The PEOPLE of the State of Colorado, Plaintiff-Appellee, v. Thomas Duane SHOCKLEY, Defendant-Appellant.

No. 78-145.

Colorado Court of Appeals, Div. II.

November 24, 1978.

Rehearing Denied December 21, 1978.

Certiorari Denied February 26, 1979.

*590 J. D. MacFarlane, Atty. Gen., David W. Robbins, Deputy Atty. Gen., Edward G. Donovan, Sol. Gen., Felipe V. Ponce, Kathleen M. Bowers, Asst. Attys. Gen., Denver, for plaintiff-appellee.

Videon & Thornberry, Thomas C. Thornberry, Craig, for defendant-appellant.

ENOCH, Judge.

Defendant appeals from a judgment entered on a jury verdict finding him guilty of obstructing a peace officer. We affirm.

Events leading to the charges against defendant occurred in a bar in Craig, Colorado. Defendant was arrested for disorderly conduct under the Craig Municipal Ordinance No. 131, and was taken to the county jail to be booked. During the booking procedure defendant was uncooperative, refusing to give any information to the jailer. When the jailer attempted to empty defendant's pockets, a scuffle ensued, and the jailer fell through a plate glass window. Defendant was subsequently charged with obstructing a peace officer, in violation of § 18-8-104, C.R.S.1973.

Defendant argues that the prosecution failed to prove the elements of the charge under § 18-8-104(1), C.R.S.1973, which states:

"A person commits obstructing a peace officer . . . when, by using or threatening to use violence, force, or physical interference, or obstacle, he intentionally obstructs, impairs, or hinders the enforcement of the penal law or the preservation of the peace by a peace officer acting under color of his official authority . . . ."

Defendant first contends that the jailer was not a peace officer within the meaning of the statute. Section 18-1-901(3)(1), C.R.S.1973 (1976 Cum.Supp.) defines peace officer to include a sheriff or deputy sheriff but does not mention jailer. Section 27-26-102, C.R.S.1973, however, states that the keeper of the county jail is the sheriff of the county, "in person or by deputy for that purpose appointed." (emphasis added) Thus the jailer is a deputy sheriff and as such is a peace officer within the definition of § 18-1-901(3)(1), C.R.S.1973 (1976 Cum.Supp.). See also § 18-8-103(3), C.R.S.1973. It is irrelevant that in this case the regular jailer was on vacation and another deputy sheriff was filling in.

*591 Defendant next argues that even if the jailer was a peace officer he was not enforcing a penal law. Defendant's contention has two bases: That the municipal ordinance was not a penal law and that the jailer was not enforcing the ordinance when he was conducting the booking procedure. We disagree.

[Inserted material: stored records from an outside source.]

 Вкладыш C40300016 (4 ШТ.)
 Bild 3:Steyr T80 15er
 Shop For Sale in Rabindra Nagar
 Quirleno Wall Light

If the violation of a municipal ordinance results in a penalty of a fine or imprisonment, then the ordinance is penal in nature. W. T. Grant Co. v. Casady, 117 Colo. 405, 188 P.2d 881 (1948). "[The] ordinary understanding is that a penal law is one which imposes a penalty." City & County of Denver v. School District No. 1, 94 Colo. 406, 30 P.2d 866 (1934). Violation of Craig Municipal Ordinance No. 131, prohibiting disorderly conduct, results in a possible penalty of a fine of $5 to $30, or imprisonment of up to 90 days. Thus the ordinance is a penal law within the meaning of § 18-8-104, C.R.S.1973.

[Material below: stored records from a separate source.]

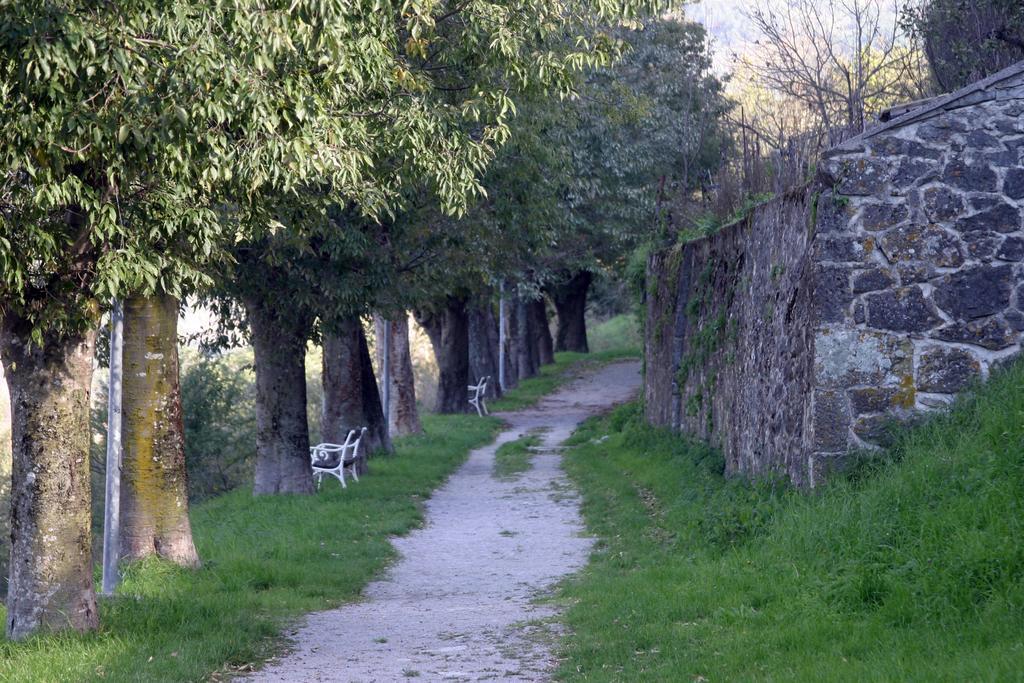 Apartment Bastion Buzet Luaran gambar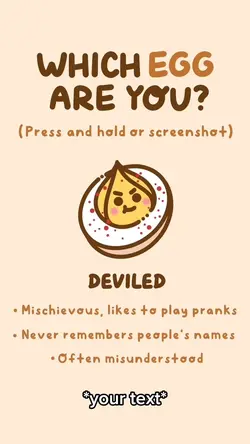 🥚🍳🥚🍳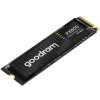 goodram dysk ssd px600 250gb m2 pcie 4x4 nvme 2280 aeaff05608e53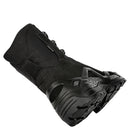 Lowa Z-8N GTX C Wide Boot | Black | 310681-0999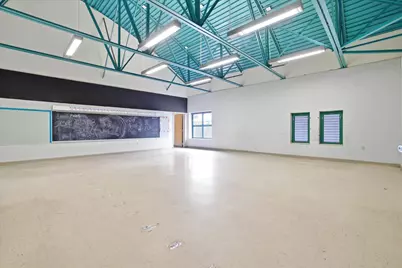 555  Cedar Street, Manchester, NH 03103 - Photo 43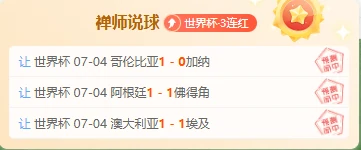鸡锅世界杯独家解析：2026年世界杯，22场胜利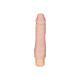 МИСТЕР. SKIN-VIBE 10', 22,5 СМ
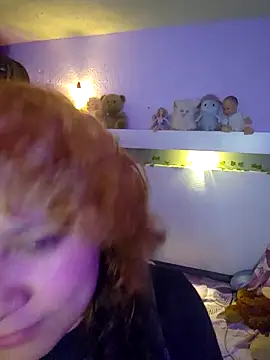 m0ondolly online show from 10/12/25, 06:26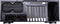 Silvertone Grandia GD07B 10001117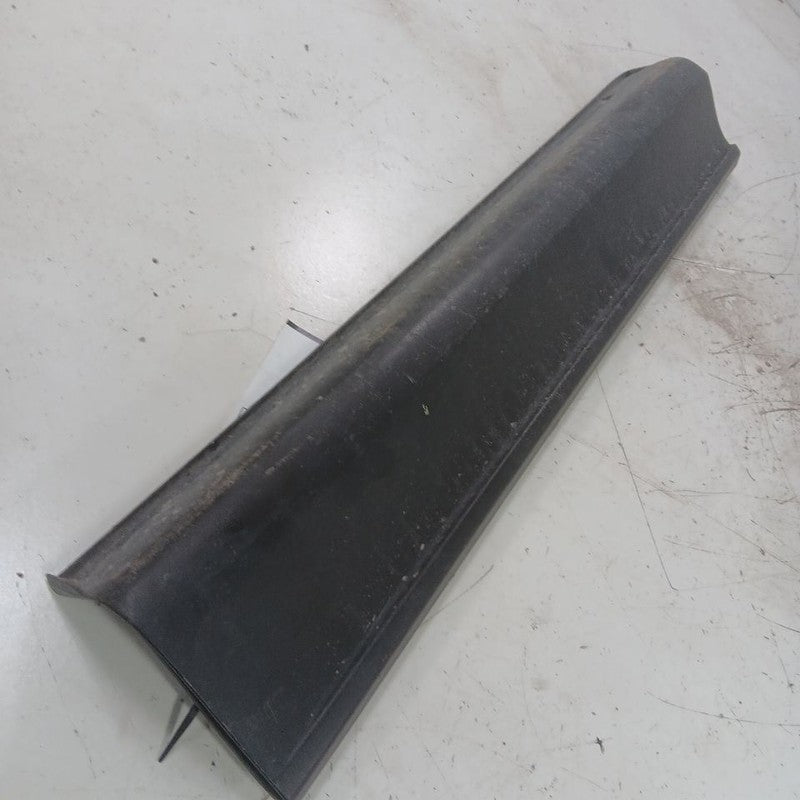 Mazda CX-5 Door Molding Trim Strip Left Driver Side Rear Back  2019 20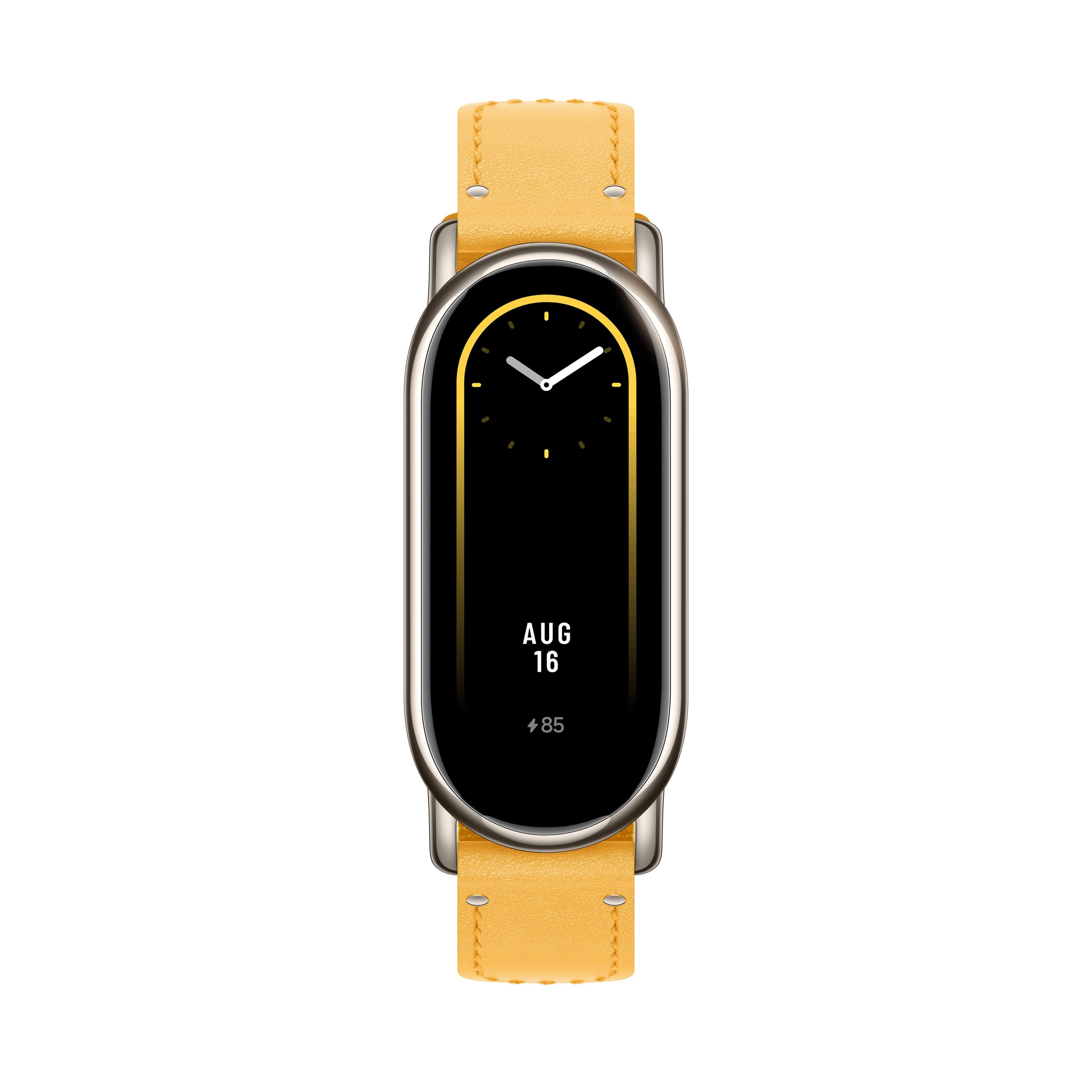 AMOLED Smartwatch με μακρά διάρκεια μπαταρίας - TechFreak.GR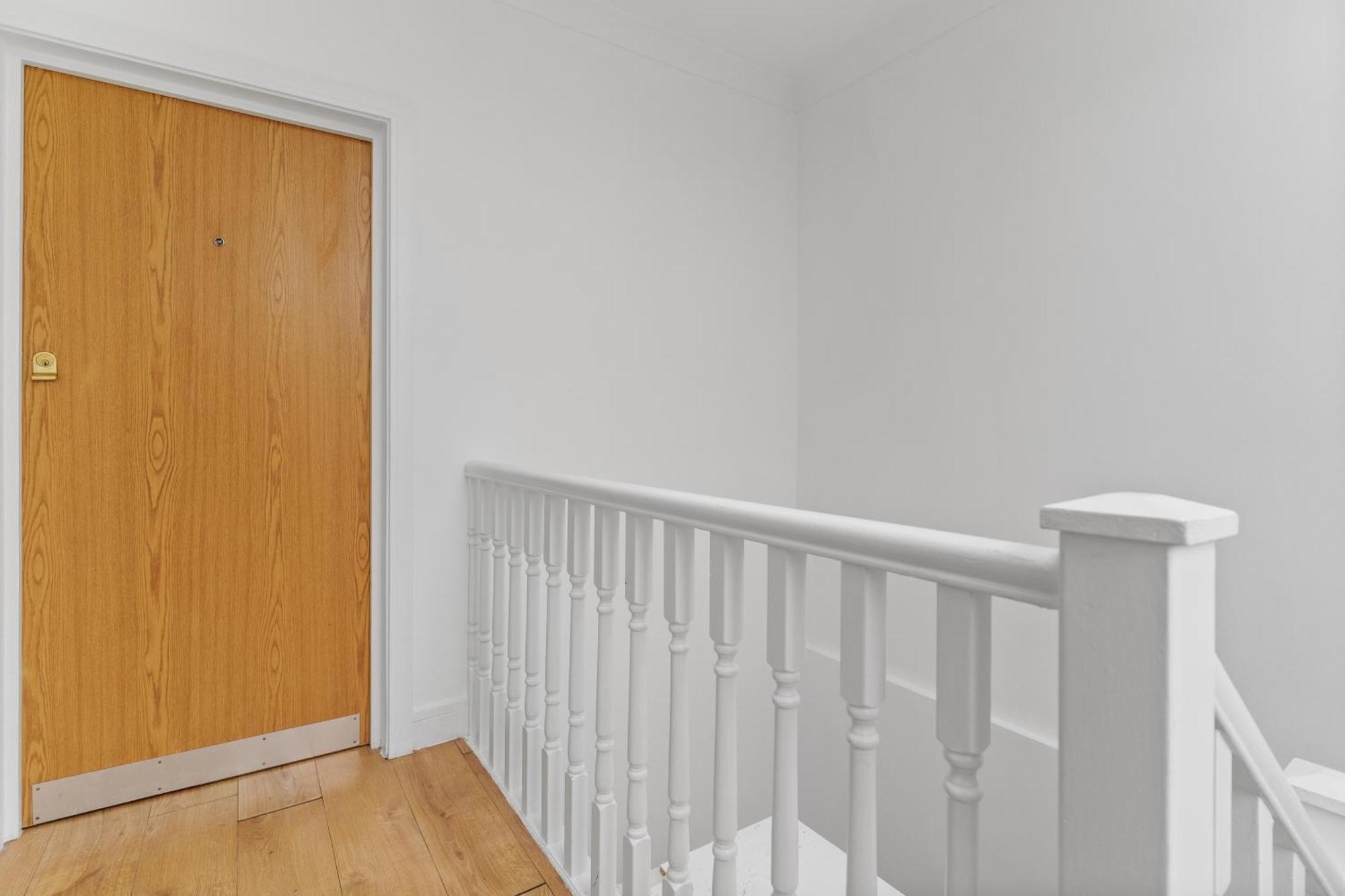 Affordable One Bedroom & In Londra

Also, contrary to defendant's argument, the booking process does constitute an aspect of the enforcement of a penal law. Although there are no Colorado cases construing the terms "enforcement of a penal law," we conclude that the term "enforcement" as used in the statute encompasses those activities which a peace officer is under a duty to perform in order to give effect to a penal law. Under § 27-26-103, C.R.S.1973, it is the duty of jailers to receive and safely keep every person duly committed for safekeeping, examination, or trial. The booking process is part of the jailer's duty and is a result of an arrest. As the trial court correctly noted, the receiving and booking process for a violation of a penal law is as much a part of the enforcement process as the investigation, arrest, and other steps associated with law enforcement. Hence, jailers are among the persons intended to be protected under the statute, and obstruction of the booking process is a violation of the statute. See generally Jordan v. De George, 341 U.S. 233, 71 S. Ct. 703, 95 L. Ed. 886 (1951). (Test for vagueness of statute is whether language conveys sufficiently definite warning as to proscribed conduct when measured by common understanding and practices.)

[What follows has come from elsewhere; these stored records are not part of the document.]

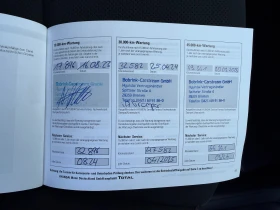 Hyundai Tucson N line Plug-In в Гаранция AWD - 63900 лв. / 32671.55 € - 41803755 14 | Car24.bg Hyundai Tucson N line Plug-In в Гаранция AWD - 63900 лв. / 32671.55 € - 41803755 14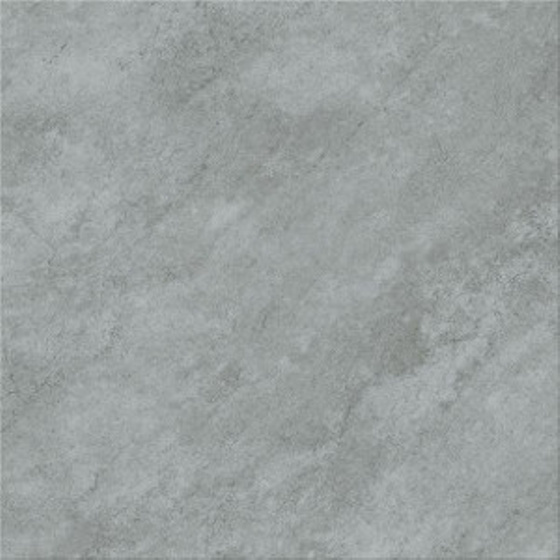 Atakama 2.0 Light Grey 59,3x59,3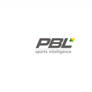 Logo PBL Sports Intelligence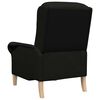 Term&eacute;kindexk&eacute;p: 6 / 10
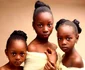 4 modele nigeria jpg jpeg
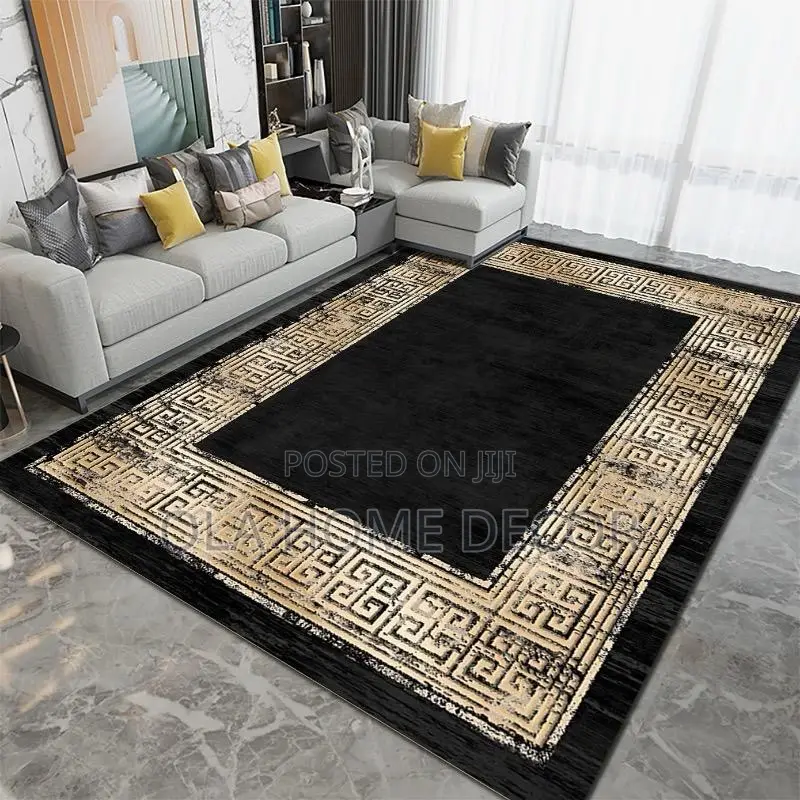 3d Carpet Rugs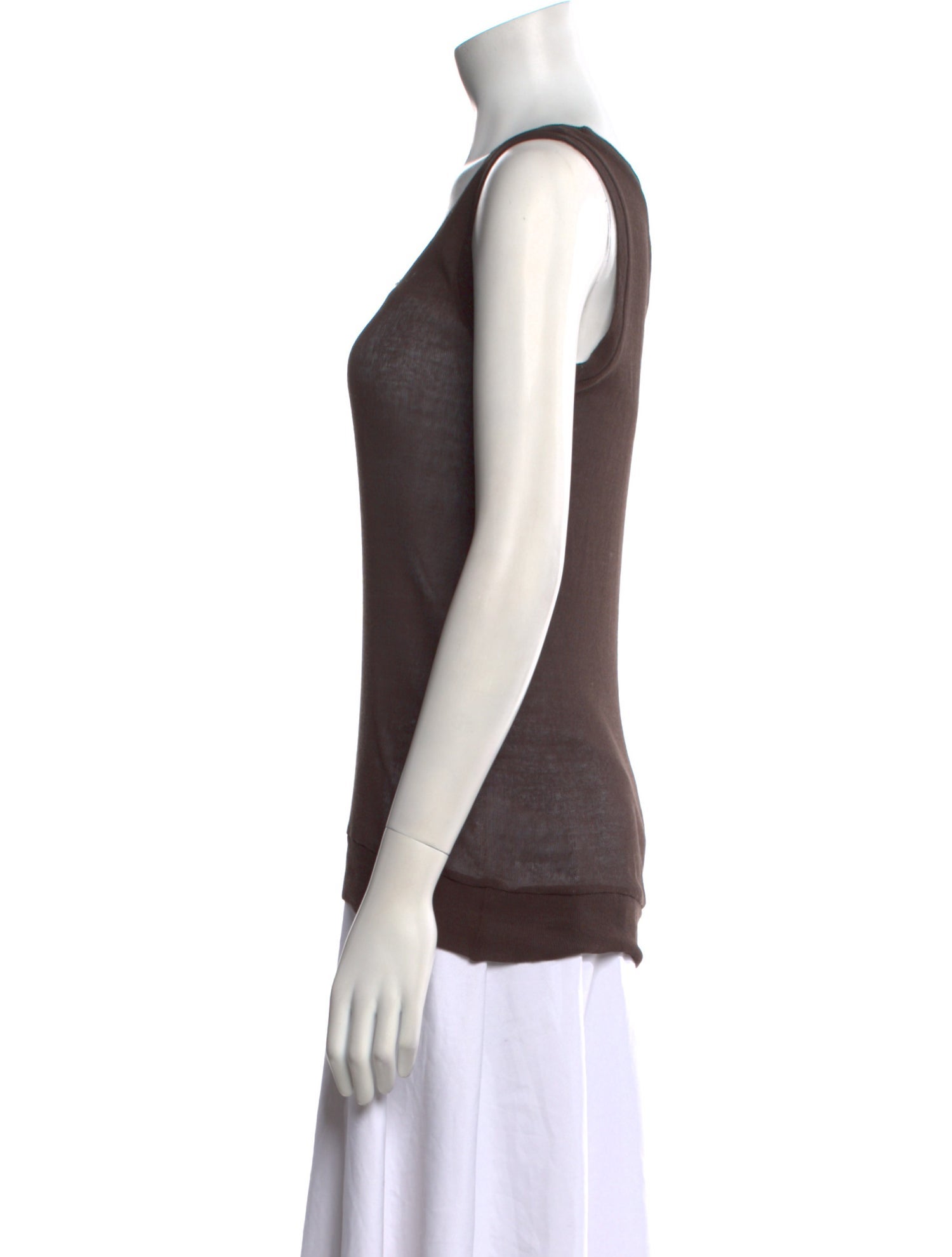 Issey Miyake Vintage 2000's Top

Defendant also argues that admission into evidence of a piece of glass from the plate glass window was error because its prejudicial effects outweighed its probative value. Again we disagree.

The piece of glass was relevant to show the thickness of the glass and to prove the force involved in the scuffle. It is within the discretion of the trial court to determine whether the prejudicial effect of an evidentiary item outweighs its probative value, and unless the trial court has abused its discretion, the court's decision to admit evidence will not be disturbed on review. People v. Jones, 184 Colo. 96, 518 P.2d 819 (1974). We find no abuse of discretion here.

We have considered defendant's other allegations of error and find them to be without merit.

Judgment affirmed.

KELLY and STERNBERG, JJ., concur.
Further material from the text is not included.